> [Instructions for the task]:
Produce a word-for-word copy of the line that contains "Toyota AQUA 2013-07 7356817-7" and each line after it through the end of the material, omitting pictures and all other lines.

> [Stored data]:
──────

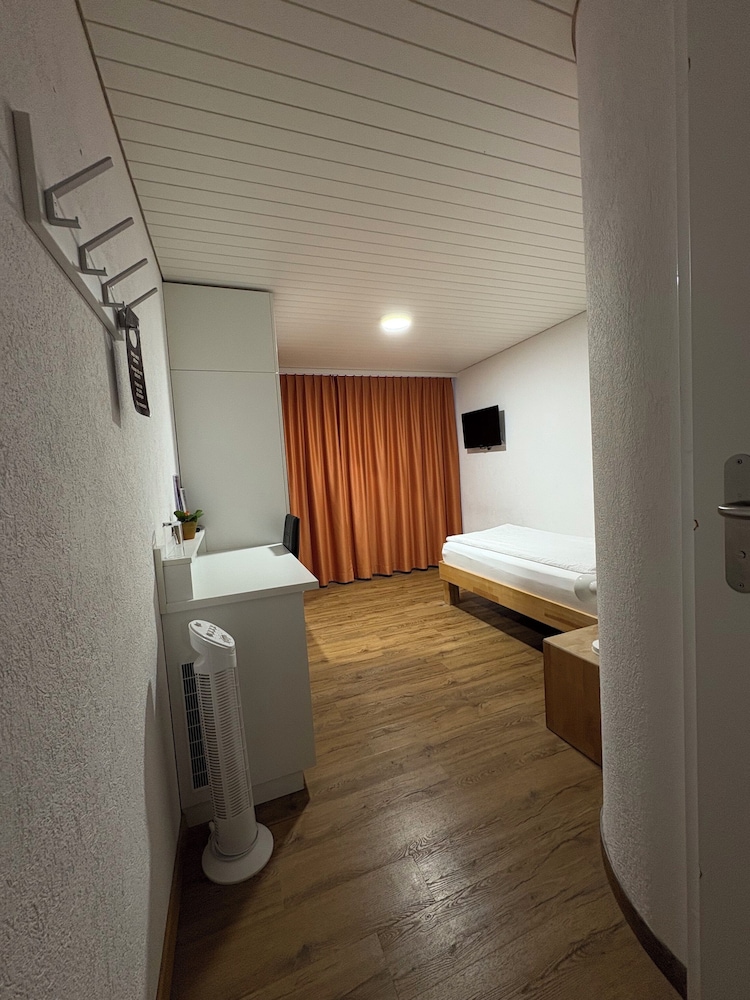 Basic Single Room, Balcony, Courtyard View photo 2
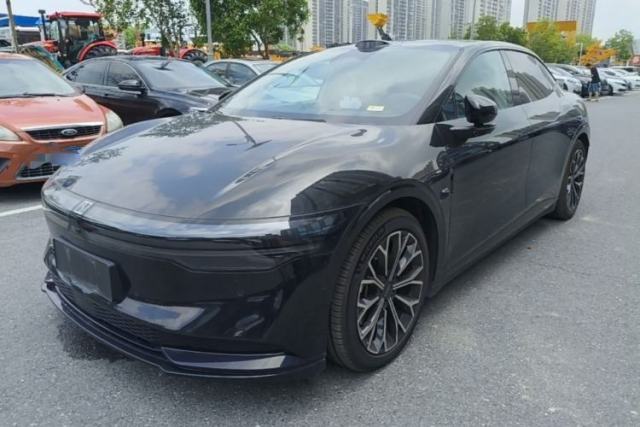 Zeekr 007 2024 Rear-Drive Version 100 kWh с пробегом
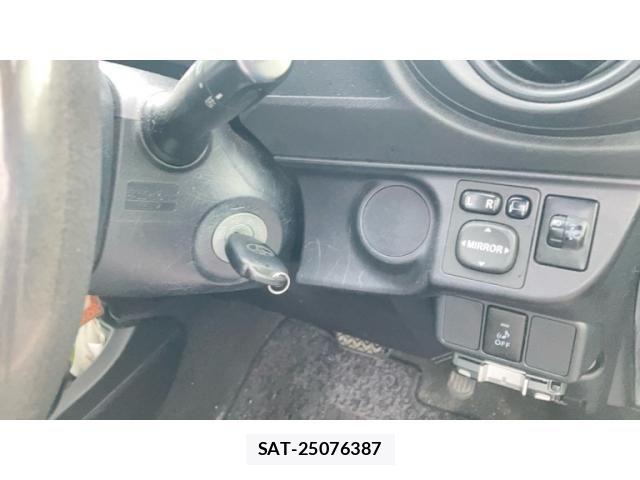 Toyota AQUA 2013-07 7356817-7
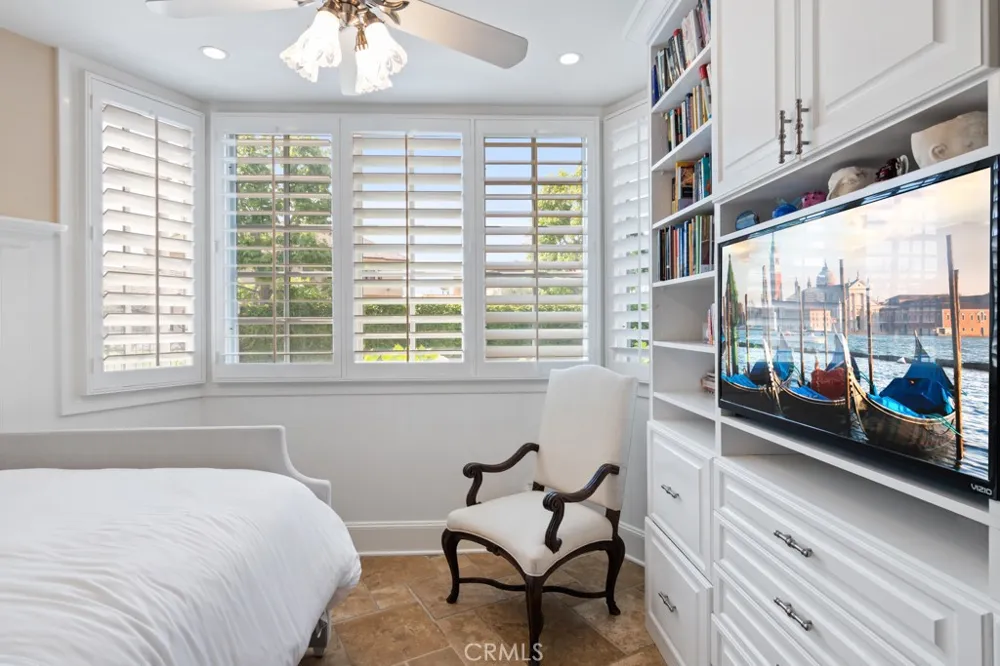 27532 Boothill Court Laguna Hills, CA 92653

──────

> [Task result]:
 Toyota AQUA 2013-07 7356817-7
 27532 Boothill Court Laguna Hills, CA 92653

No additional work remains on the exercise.